Step 5.2: Refactor in Small Steps

After each change:

bash

npm run test -- path/to/module.spec.ts

If any test fails, undo the last change immediately. Refactoring must never break tests.

Step 5.3: Verify Final State

bash

npm run test -- "path/to/directory/"
npm run typecheck
npm run lint

markdown

## REFACTOR Complete

**Changes made:**
- [Refactoring 1]
- [Refactoring 2]

**All tests:** PASS
**Type check:** PASS
**Lint:** PASS

Cycle complete. Ready for next behavior or commit.

Common Rationalizations

When tempted to skip TDD, consult this table:

Rationalization	Rebuttal
"Too simple to test"	Simple code breaks. A one-line function with a typo is still a bug in production.
"Need exploration first"	Explore freely. Then delete the exploration and rebuild with TDD. Exploration code is throwaway.
"Tests after achieve same result"	Tests-after verify what the code IS. Tests-first verify what the code SHOULD BE. Only one of these catches design mistakes.
"TDD is dogmatic"	TDD is pragmatic: it finds bugs at write time instead of debug time. Dogma would be following it without evidence. The evidence is overwhelming.
"I'll write the test right after"	You won't. And if you do, you can't verify it catches the bug -- because the code already passes.
"This is just a config file"	If it can break production, it can have a test. If it can't break production, why are you changing it?
"The function is obvious"	Obvious functions get called with non-obvious inputs. The test documents what "obvious" means.
"I need to see the implementation shape first"	The test IS the shape. Write what you want to call, then make it work. The test is the first client of your API.
"Mocking is too hard for this"	Hard-to-mock means hard-to-test means bad design. Fix the design. The difficulty is the signal.
"We're in a hurry"	TDD is faster. Debugging untested code is what wastes time. You're not saving time, you're borrowing it at high interest.
"Existing code has no tests"	Start now. Every tested line is one less future debugging session. Don't perpetuate the problem because someone else created it.

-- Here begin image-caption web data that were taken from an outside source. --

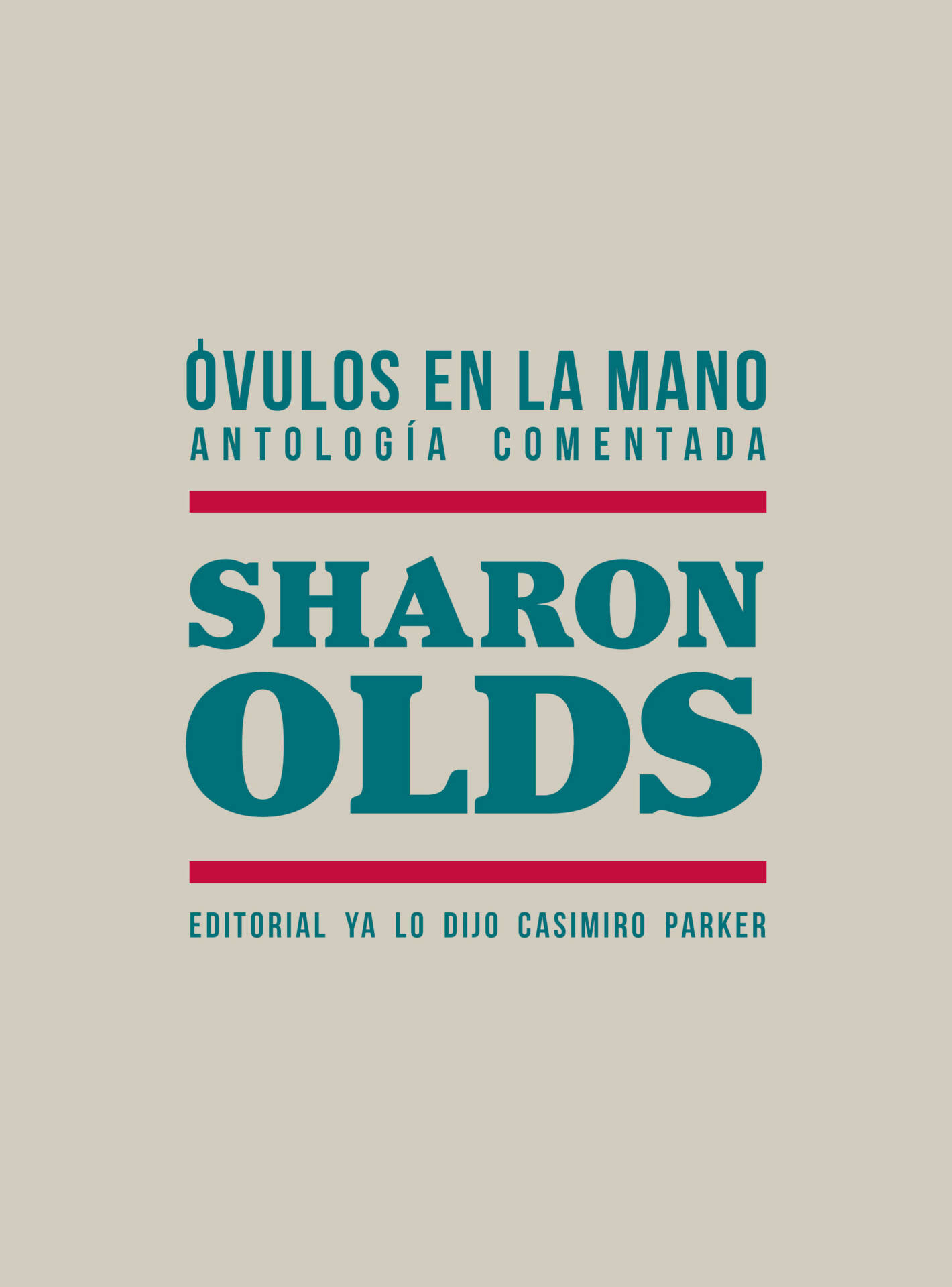 Óvulos en la mano : Antología comentada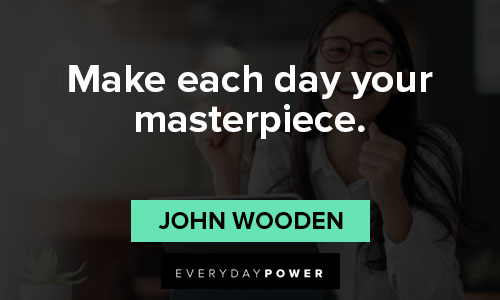 john wooden quotes about make each day your masterpiece
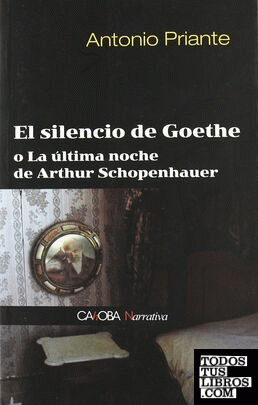 El silencio de Goethe o La última noche de Arthur Schopenhauer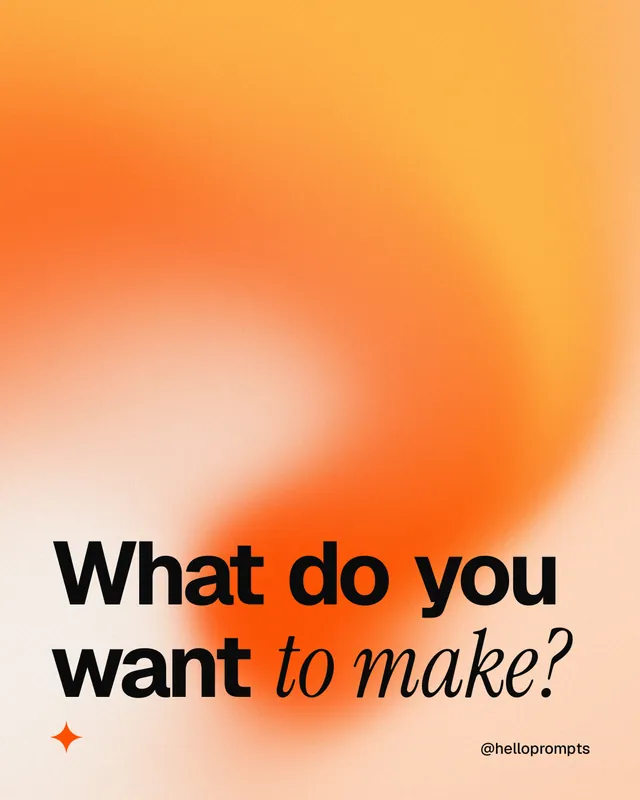Instagram portrait post for HelloPrompts: "What do you want to make?" Auto 4x5 style, technique:shader field layout, light palette in orange.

Red Flags -- Stop and Restart

If any of these occur, stop the current cycle and reassess:

•You wrote production code before a test -- Delete the code. Write the test.
•The test passes on the first run -- Your test doesn't test anything new. Rewrite it.
•You're not sure why the test fails -- You don't understand the system well enough. Read the code first.
•You added "just one more thing" in GREEN -- Revert to the last green state. Write a test for the extra thing.
•You're mocking more than two dependencies -- The unit under test has too many collaborators. Refactor the design.
•The test name describes implementation -- "should call database" is wrong. "should return user by email" is right.
•You're testing private methods -- Test the public interface. Private methods are implementation details.
•Multiple tests are failing at once -- You jumped ahead. Revert to last green. One failing test at a time.
•You refactored during GREEN -- Revert. Make it pass first, then clean up.
•The test requires complex setup (>15 lines of arrange) -- The code under test needs a simpler interface. Refactor first.
•You're writing tests to match existing code -- That's /test-coverage, not /tdd. TDD means the test comes first.
•You feel confident enough to skip verification -- That's exactly when bugs slip through. Run the test.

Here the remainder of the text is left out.